Sede legale a Roma e tre marchi retail ecco il piano industriale del colosso

La Repubblica

Al nord sportelli targati Unicredit, al centro sud Banca Roma e Banco Sicilia nell'isola

ROMA — La cosa più difficile non è stata la preparazione del piano industriale ma la parte che riguarda il cosiddetto, famoso e famigerato "potere". Capitalia ha un peso nel sistema superiore alla sua dimensione proprio grazie a questa componente, coltivata con abilità e astuzia sopraffina dal suo presidente Cesare Geronzi, ed era questo il nodo davvero delicato da sciogliere, quello che per tanto tempo ha tenuto Alessandro Profumo, che invece questa parte del lavoro l'ama meno e a maneggiarla non si sente a suo agio, lontano dal dossier romano. La soluzione trovata è già nota. Dopo la fusione Unicredit cederà metà delle azioni Mediobanca che ha in portafoglio, mantenendo così immutato il suo peso nell'istituto di Piazzetta Cuccia, e indirettamente nelle sue partecipate.
Cesare Geronzi ha accettato di assumere la carica di vicepresidente vicario di Unicredit con la delega alle quattro partecipazioni che Capitalia porta in dote: Mediobanca, Generali (una partecipazione destinata ad estinguersi con la conversione delle obbligazioni convertibili che i due istituti hanno emesso negli anni scorsi), il 2 per cento di Rcs e le quote in Pirelli e Camfin. È inteso che appena Mediobanca varerà il modello duale per la sua governance, Geronzi andrà a fare il presidente del consiglio di sorveglianza. L'amministratore delegato di Capitalia Matteo Arpe è stato sin dall'inizio favorevole all'operazione ma estraneo ai suoi sviluppi, e ieri ha confermato che non farà parte del progetto. Risolto in questo modo il problema del potere si è passati ad affrontare il piano industriale vero e proprio, al quale hanno lavorato silenziosamente nelle ultime settimane Claudio Costamagna, chiamato da Cesare Geronzi a fargli da advisor, e un ristretto gruppo di uomini del vertice di Unicredit.

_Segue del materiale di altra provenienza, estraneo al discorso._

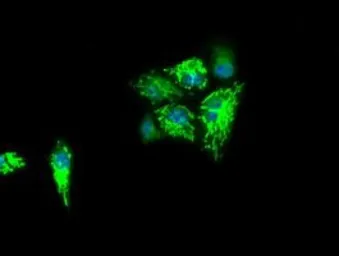 Anti-IDH3A antibody [5D2] used in Immunocytochemistry/ Immunofluorescence (ICC/IF). GTX84318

Il documento che lo contiene, e sul quale domenica i consiglieri di amministrazione delle due banche dovranno esprimersi, è relativamente semplice perché riesce a garantire il pieno mantenimento della struttura divisionale di Unicredit senza che, per ottenere questo risultato, si debba ridisegnare da cima a fondo la struttura del gruppo Capitalia. Lo schema è questo: Capitalia si fonde in Unicredit e apporta direttamente le attività di banca d'impresa e di merchant banking che venivano svolte quasi interamente dalla holding. Le attività di asset gathering di raccolta del risparmio e di promozione finanziaria, verrà concentrata tutta in Fineco, che è un gioiellino del settore. Per quanto riguarda il retail, la scelta è stata di utilizzare i tre marchi più forti del nuovo gruppo dividendo tra di essi il territorio nazionale.
Nel Nord ci sarà Unicredit Banca, nella quale sarà fusa la Bipop e che assorbirà tutte le filiali che Banca di Roma ha nelle regioni settentrionali. Nel centro e nel sud ci sarà Banca di Roma, che assorbirà le filiali che Unicredit ha nelle regioni di sua competenza, passando così dalle attuali 1.100 a 1.500. In Sicilia opererà invece il Banco di Sicilia, che assorbirà tutte le filiali del gruppo nel territorio regionale. Il Banco di Sicilia conserverà fuori regione solo le filiali di Roma e di Milano, e il Banco di Roma, fuori dall'area di sua competenza, solo quella di Milano.
Infine Unicredit si rafforzerà in un settore dove oggi è debole, quello del finanziamento agli enti e alle infrastrutture, ruolo affidato al Mediocredito Centrale. Roma non perderà la sede della banca retail per il centro sud, né il Mediocredito Centrale, ma in più diventerà la sede legale di tutto il gruppo. Relativamente semplice, quindi, e in grado di accontentare tutti i principali stakeholders, quelli romani e quelli siciliani soprattutto, che non potranno lamentare la perdita di centri direzionali. I consigli di domenica non dovrebbero riservare sorprese.